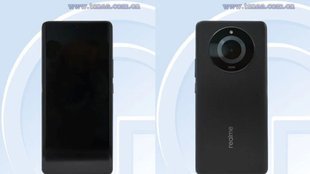 Realme | Realme 11 Pro | Realme 11 Pro Plus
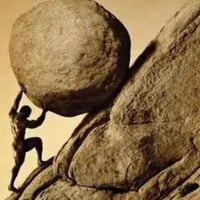 SISYPHUS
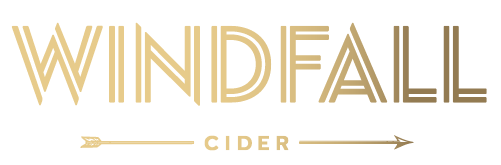 Windfall Cider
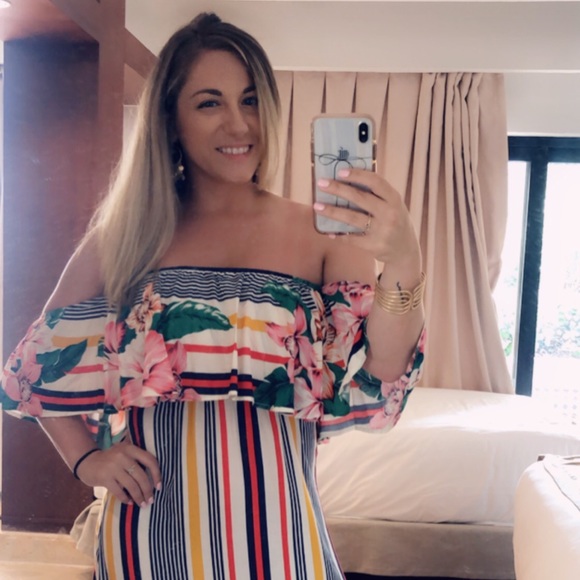 Meet Your Posher! - Picture 1 of 1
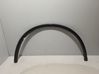 Fender trim (molding) 1RK21TRMAC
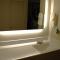 Boarders Inn and Suites by Cobblestone Lamar Missouri
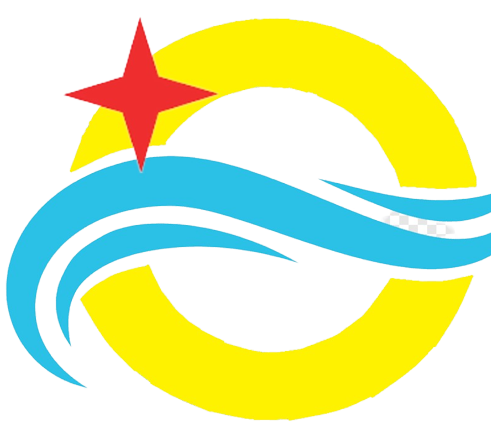 Aruba Sunrise Ministries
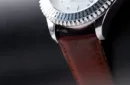 Stack Watch V 2 by Peter Turner – Image 3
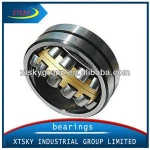Spherical Roller Bearing 22323 22323K 22323KW33
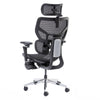 UpDown Ergo Elite Chair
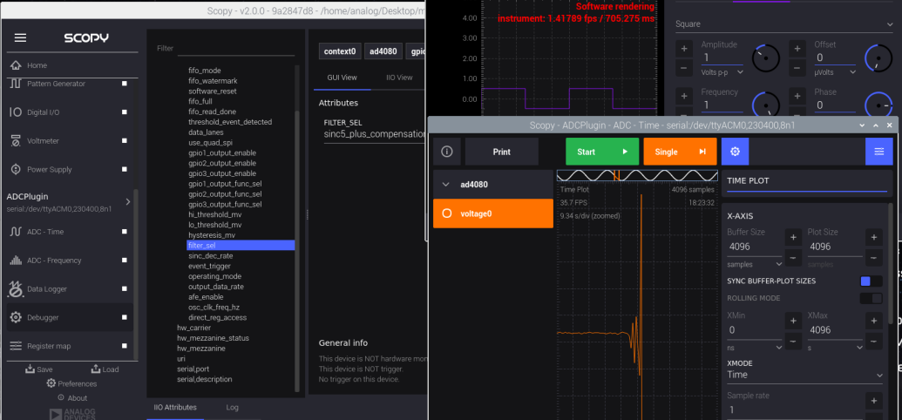 ../../_images/ad4080_sinc5_comp_step_resp.png
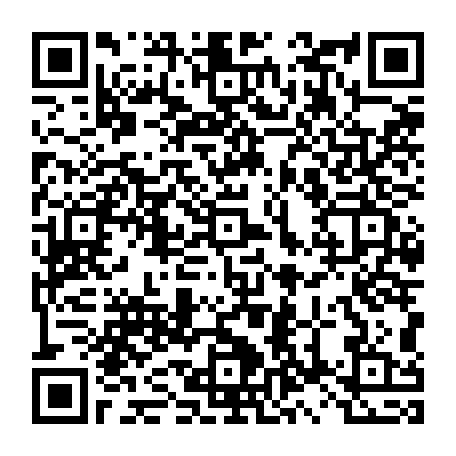 78122148667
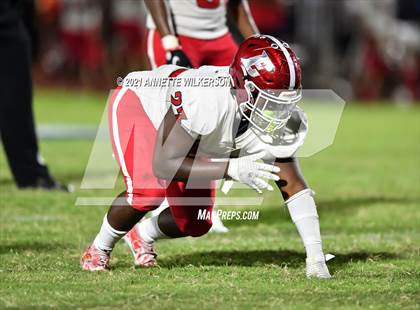 Thumbnail 3 in Edgewater @ Apopka photogallery.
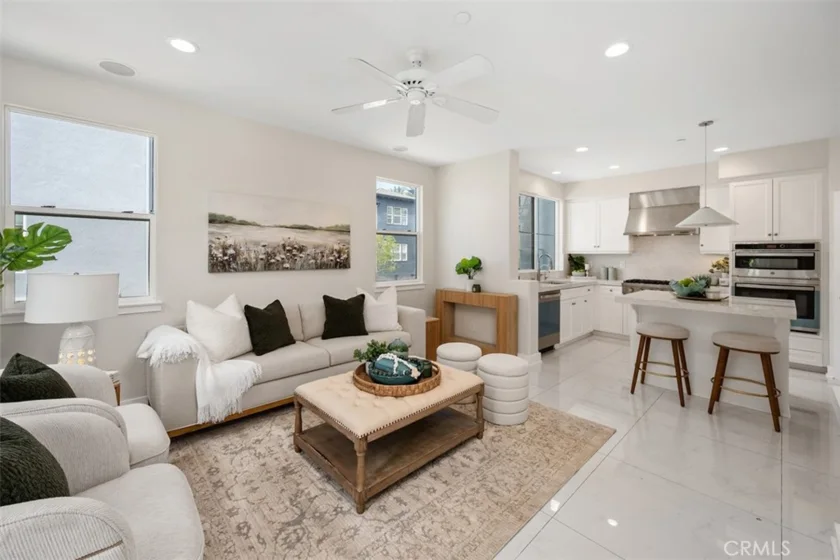 5701 Kiyot Way #13 photo 32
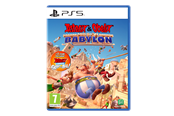 Spel - Asterix & Obelix: Mission Babylon (Day One Edition) - Sony PlayStation 5 - Plattformsspelare - 3701529520143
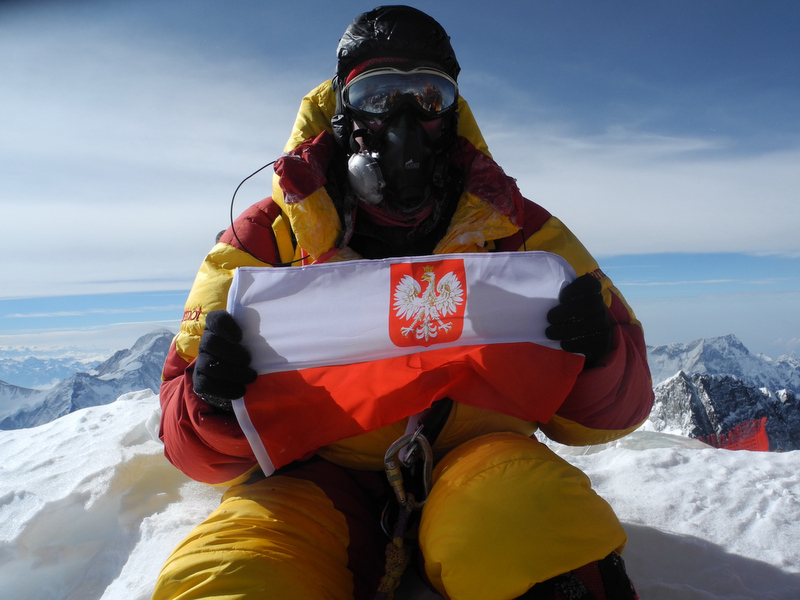 Bartłomiej Wróblewski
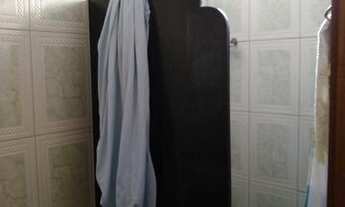 Imagem 4: Casa com 04 quartos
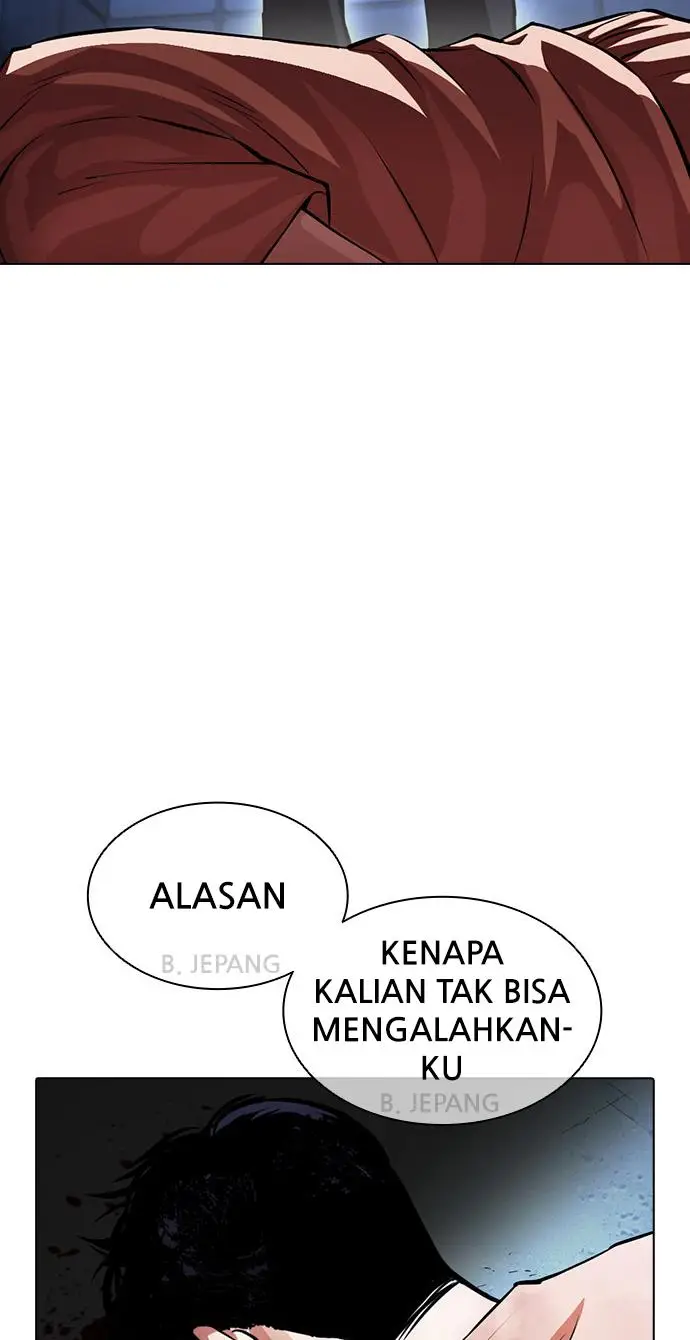 image-komik-lookism-chapter-385-131/147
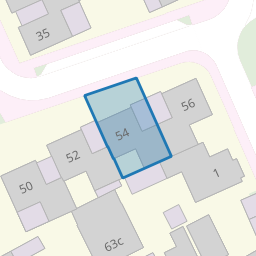 Perceel NTR00-F-1996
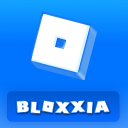 Discovery icon for bloxxia.de | 2017 - 2021 Discord server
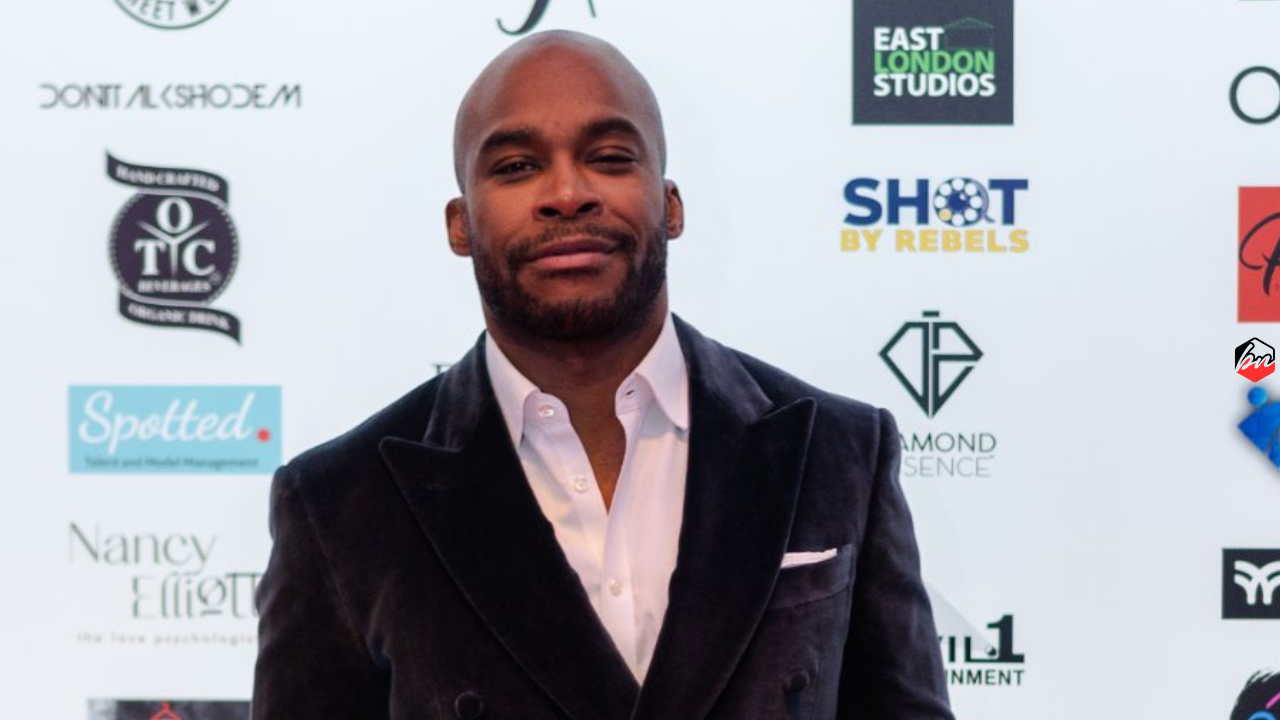 Dean Forbes Net Worth 2026: The Billion-Dollar CEO’s Financial Empire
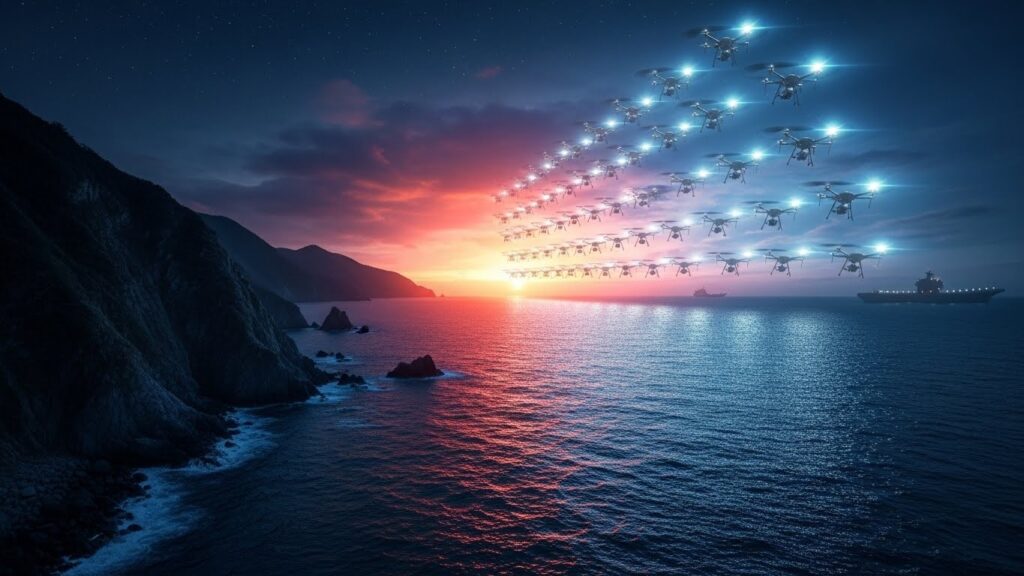 Budget Défense Japon Record Face à la Chine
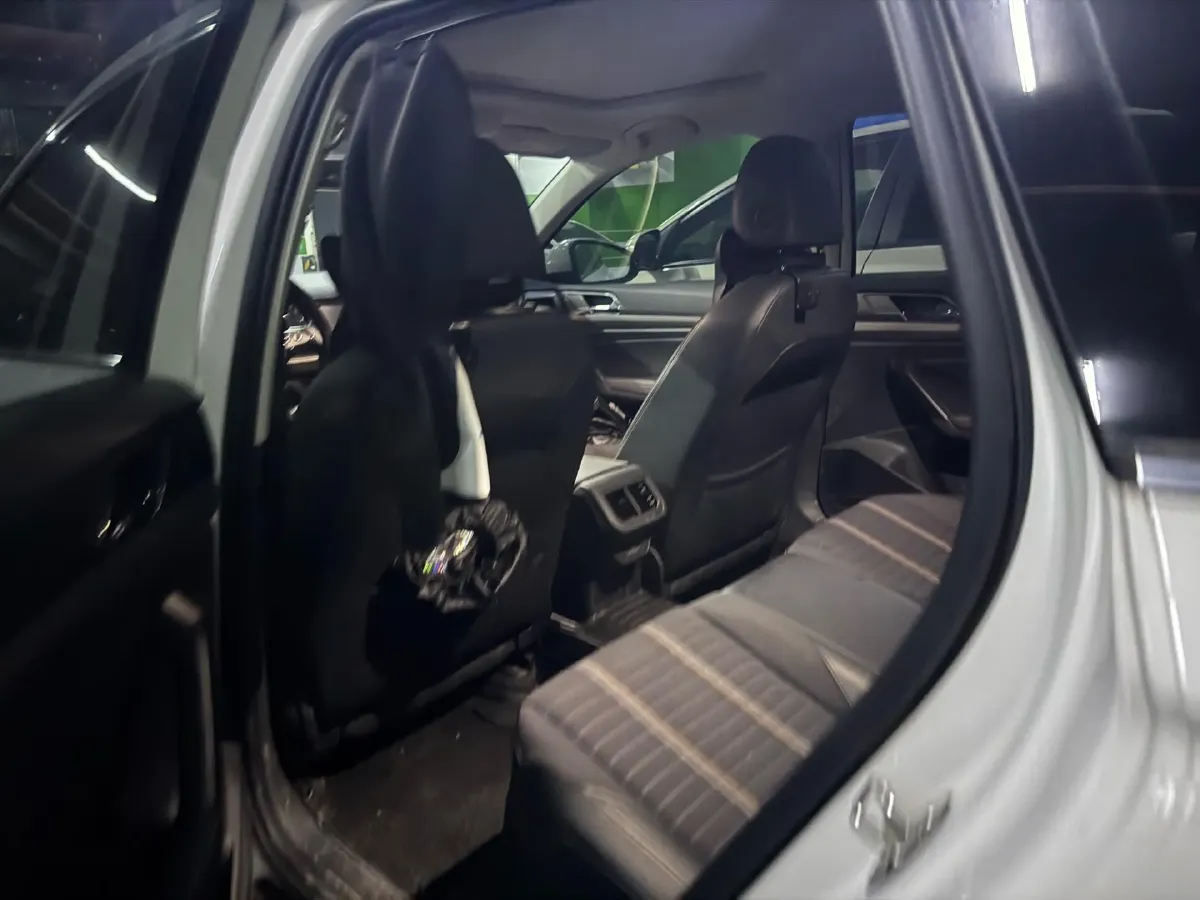 2019 Volkswagen Sagitar 1.2T 116HP L4 7DCT,autocango,china used car exporter,china ev exporter,chinese used car exporter,chinese used ev exporter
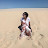 Avatar photo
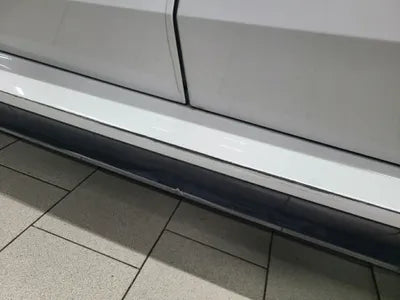 2022 BMW 235 WBA11AL06N7K33931 VIN:WBA11AL06N7K33931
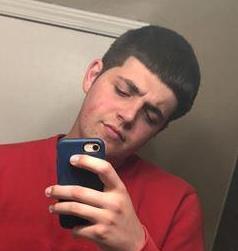 Jacob Hollett death by force case in Mesquite, TX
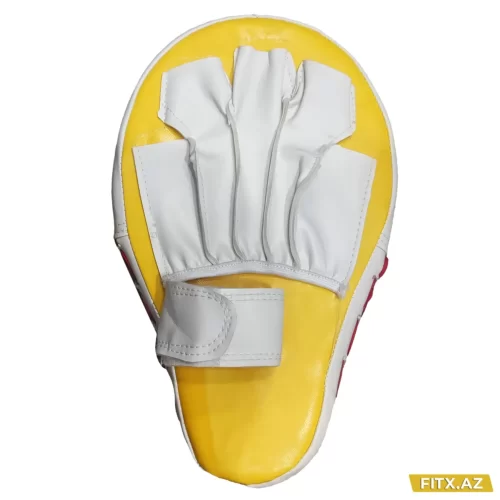 Venum A-3447 Əl Üçün Lapa Boxing Mitts - Image 2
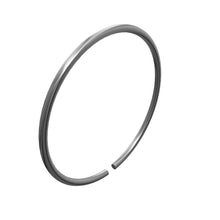 John Deere R81786:  Snap Ring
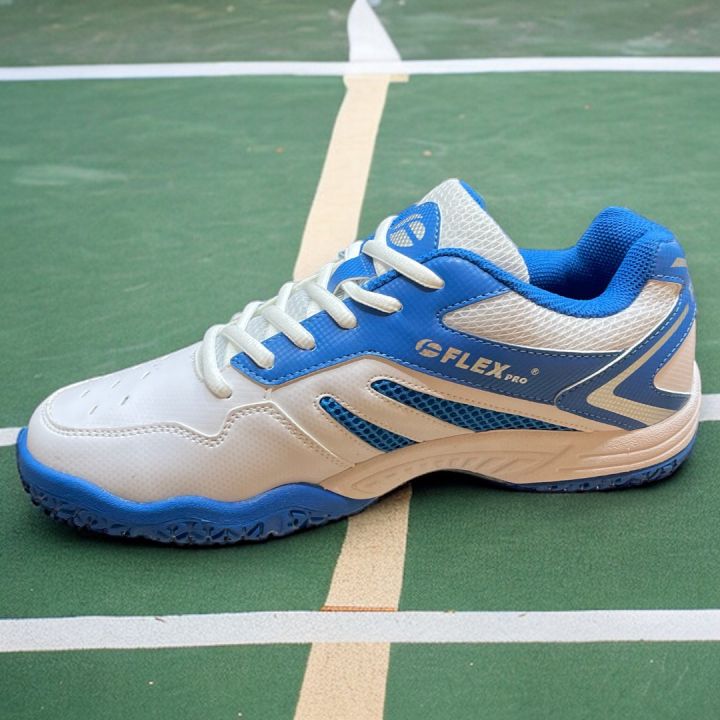FlexPro%20Fb-2201A%20Badminton%20Shoes%20-%20Image%202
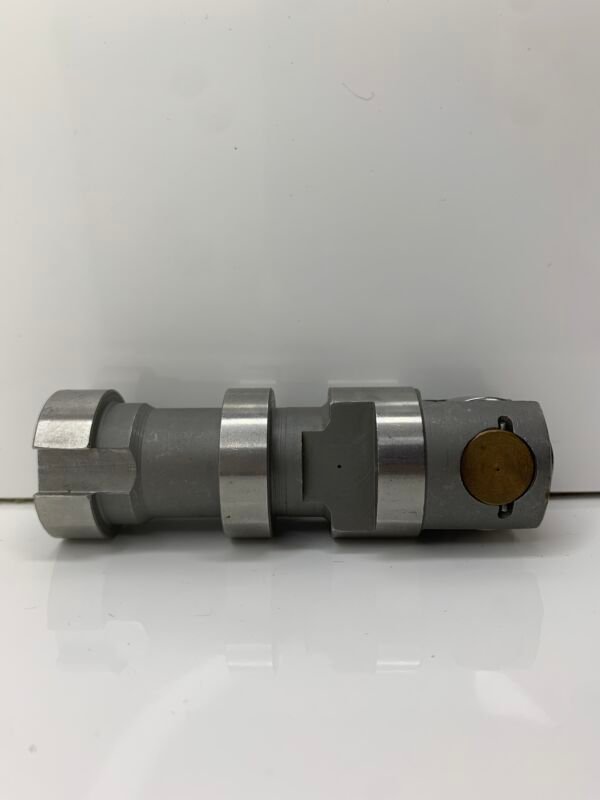 LIFTER AS - 1017788 - Imagen 3
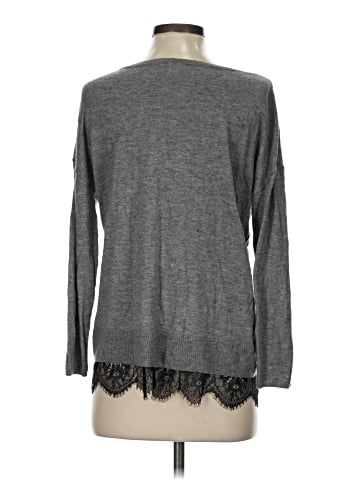 Joie Pullover Sweater (view 2)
****
-- Task prompt --
Return each record as written, minus its images.

-- Reply --
 Realme | Realme 11 Pro | Realme 11 Pro Plus
 SISYPHUS
 Windfall Cider
 Meet Your Posher! - Picture 1 of 1
 Fender trim (molding) 1RK21TRMAC
 Boarders Inn and Suites by Cobblestone Lamar Missouri
 Aruba Sunrise Ministries
 Stack Watch V 2 by Peter Turner – Image 3
Spherical Roller Bearing 22323 22323K 22323KW33
 UpDown Ergo Elite Chair
 ../../_images/ad4080_sinc5_comp_step_resp.png
 78122148667
 Thumbnail 3 in Edgewater @ Apopka photogallery.
 5701 Kiyot Way #13 photo 32
 Spel - Asterix & Obelix: Mission Babylon (Day One Edition) - Sony PlayStation 5 - Plattformsspelare - 3701529520143
 Bartłomiej Wróblewski
 Imagem 4: Casa com 04 quartos
 image-komik-lookism-chapter-385-131/147
 Perceel NTR00-F-1996
 Discovery icon for bloxxia.de | 2017 - 2021 Discord server
 Dean Forbes Net Worth 2026: The Billion-Dollar CEO’s Financial Empire
 Budget Défense Japon Record Face à la Chine
 2019 Volkswagen Sagitar 1.2T 116HP L4 7DCT,autocango,china used car exporter,china ev exporter,chinese used car exporter,chinese used ev exporter
 Avatar photo
 2022 BMW 235 WBA11AL06N7K33931 VIN:WBA11AL06N7K33931
 Jacob Hollett death by force case in Mesquite, TX
 Venum A-3447 Əl Üçün Lapa Boxing Mitts - Image 2
 John Deere R81786:  Snap Ring
FlexPro%20Fb-2201A%20Badminton%20Shoes%20-%20Image%202
 LIFTER AS - 1017788 - Imagen 3
 Joie Pullover Sweater (view 2)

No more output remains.